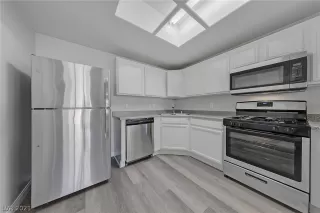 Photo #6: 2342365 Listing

---

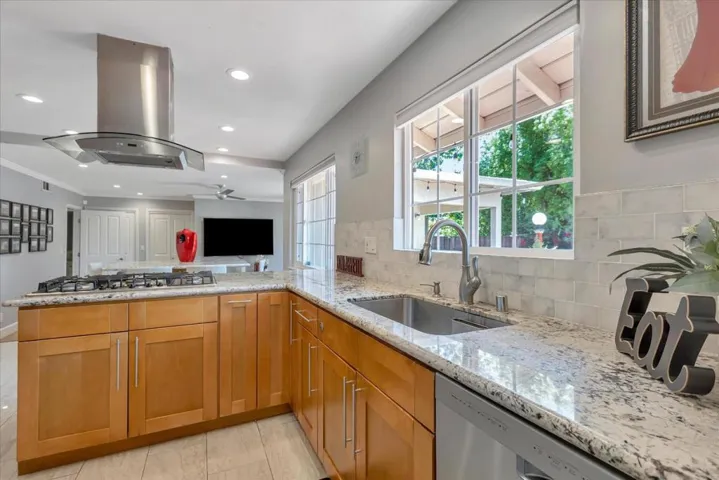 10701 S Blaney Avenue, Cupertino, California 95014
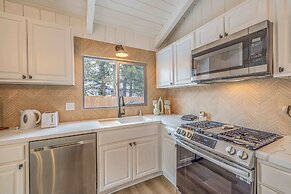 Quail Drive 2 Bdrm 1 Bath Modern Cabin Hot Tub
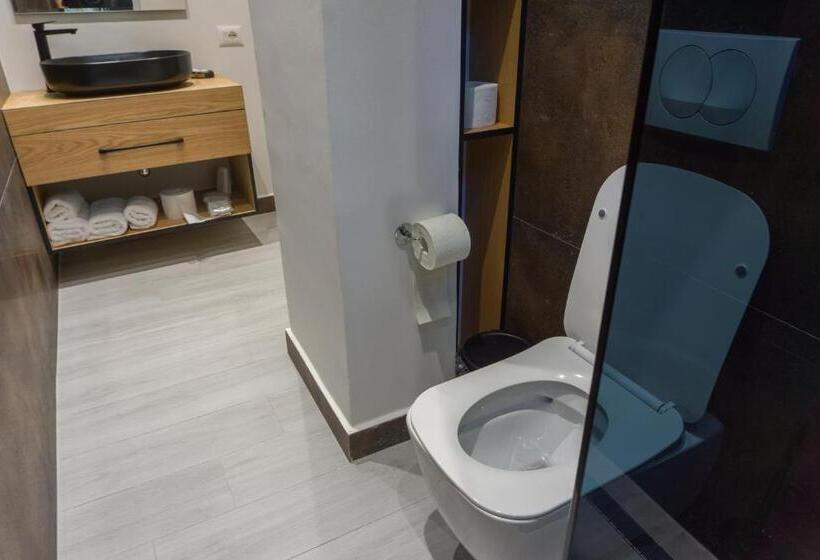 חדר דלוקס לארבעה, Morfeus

---

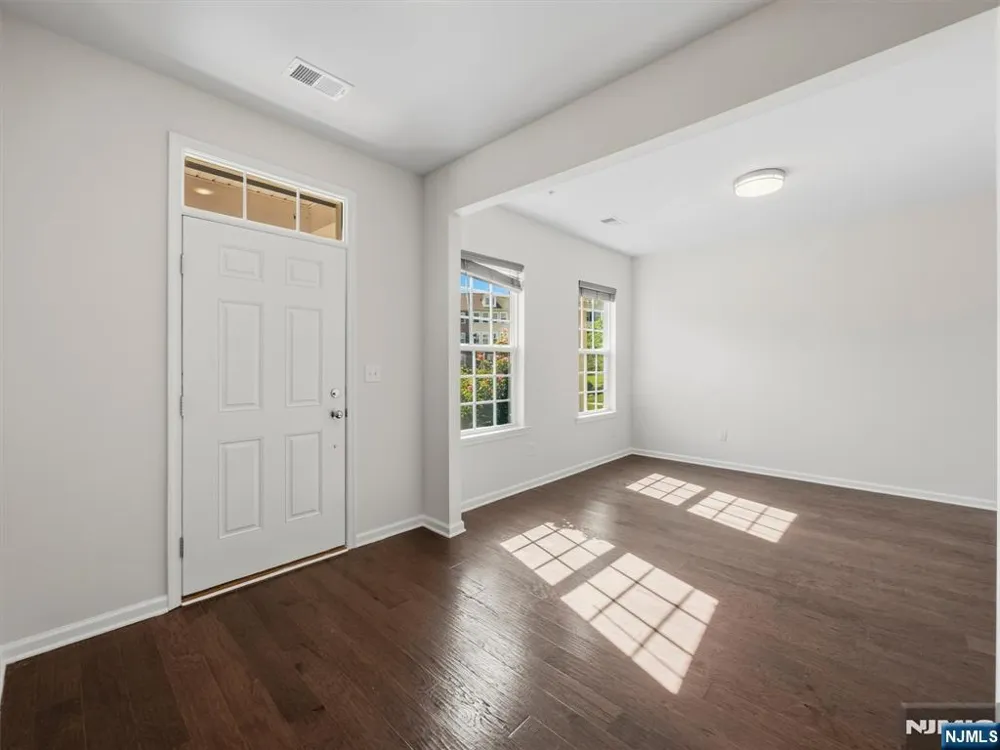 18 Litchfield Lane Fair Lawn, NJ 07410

HOW TO COMPLETE THIS TASK -
Leave out the images and write out the lines above exactly, from the one with "Quail Drive 2" up to and including the one with "חדר דלוקס לארבעה, Morfeus".

TASK RESPONSE -
 Quail Drive 2 Bdrm 1 Bath Modern Cabin Hot Tub
 חדר דלוקס לארבעה, Morfeus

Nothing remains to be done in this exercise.